SELECT film_id, actor_id from Film_actor WHERE actor_id=1 or film_id = 1;

In the old MySQL version, MySQL will use a full table scan for this query, unless it is rewritten as a two query union:

SELECT film_id, actor_id from Film_actor WHERE actor_id=1

UNION All

SELECT film_id, actor_id from Film_actor WHERE film_id=1;

However, in the MySQL5.0 and higher versions, the production line can simultaneously use two single-row indexes to sweep the meter, and merge the results. This algorithm has three variants: the Union of an OR condition, the intersection of an and condition, and the combination and intersection of the preceding two cases. The following query is a union that uses two index scans, as you can see through the extra column in explain:

EXPLAIN SELECT film_id,actor_id from Film_actor WHERE actor_id=1 or film_id = 1 \g

MySQL uses such techniques to optimize responsible queries, so nested operations are also visible in the extra column of some statements.

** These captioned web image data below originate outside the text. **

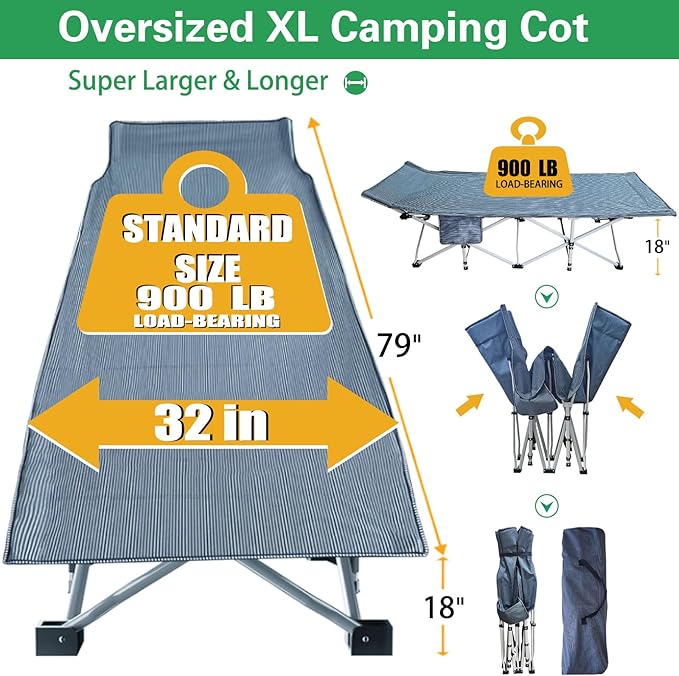 32 Inches Wide XXL Camping Cot with Mattress Oversize Folding Cot Heavy Duty Comfortable Cots for Sleeping Guest Bed with Carry Bag Portable Easy to Set-up for Home Travel Outdoor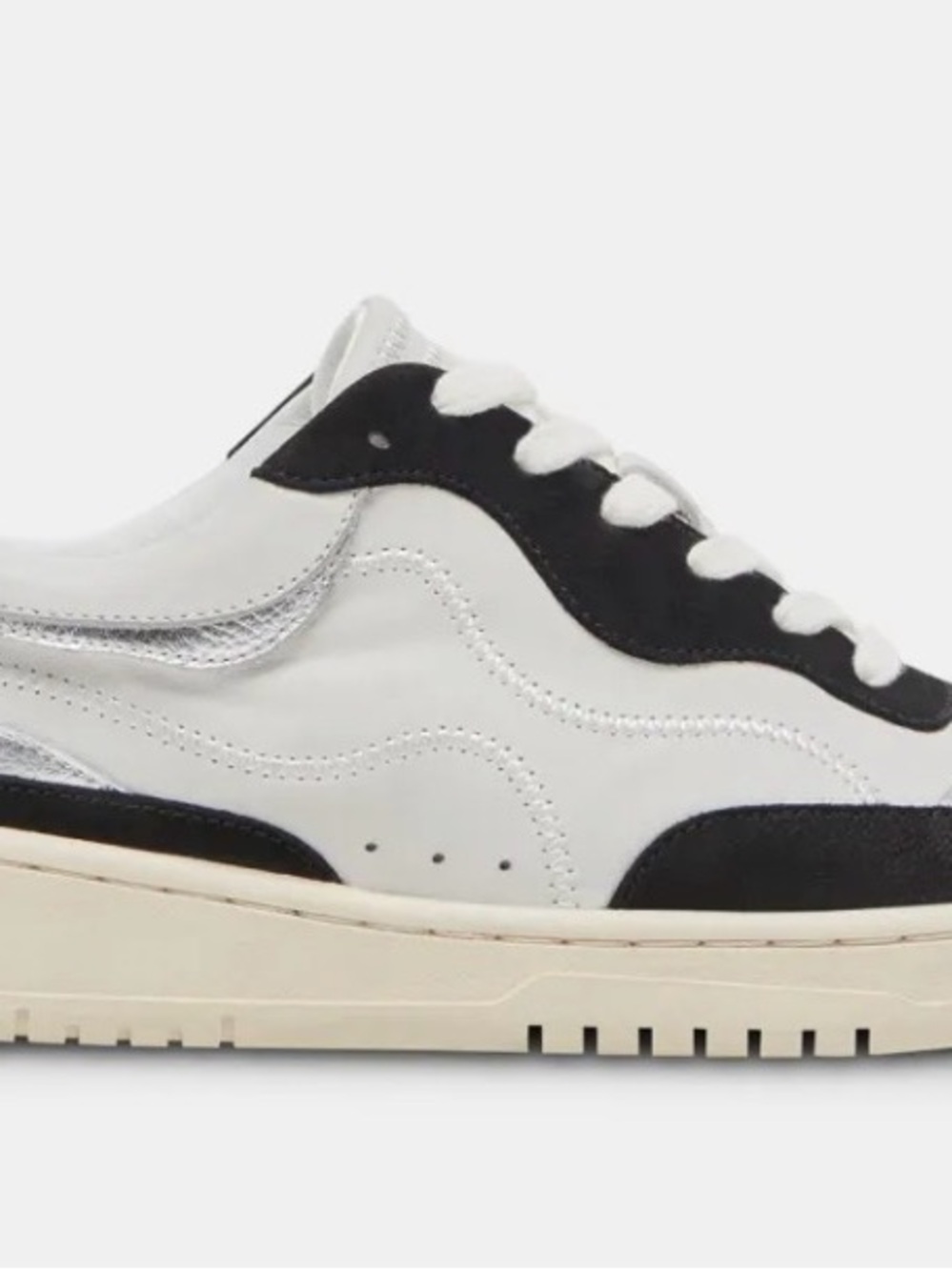 Dolce Vita White & Black Low-Top Leather Sneakers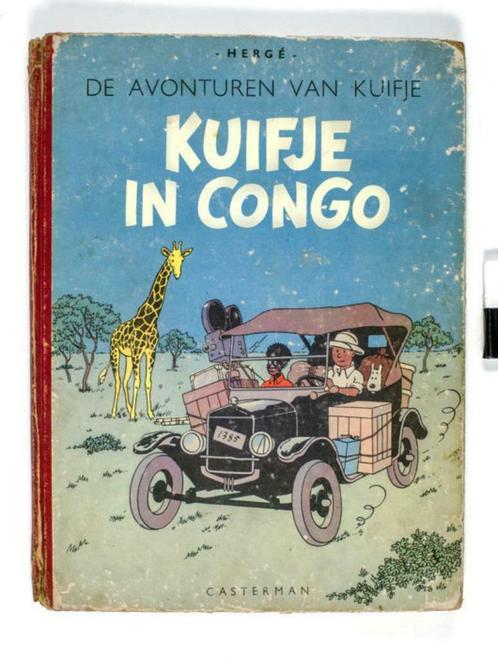 Kuifje in Congo - hc linnen rug - 1e druk 1947, Boeken, Stripverhalen, Gelezen, Ophalen of Verzenden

The index merge strategy is sometimes an optimized structure, but in fact it is more of an indication that the indexes on the table are poorly built:

When a server intersects multiple indexes (usually with multiple and conditions), it usually means that you need a multiple index that contains all the related columns, rather than a separate single-column index.

When a server needs to do a joint operation on multiple indexes (usually with multiple or conditions), it usually takes a lot of CPU and memory resources to buffer, sort, and merge the algorithms on the operations. Especially when some of these indexes are not highly selective. When a merge scan is required to return a large amount of data.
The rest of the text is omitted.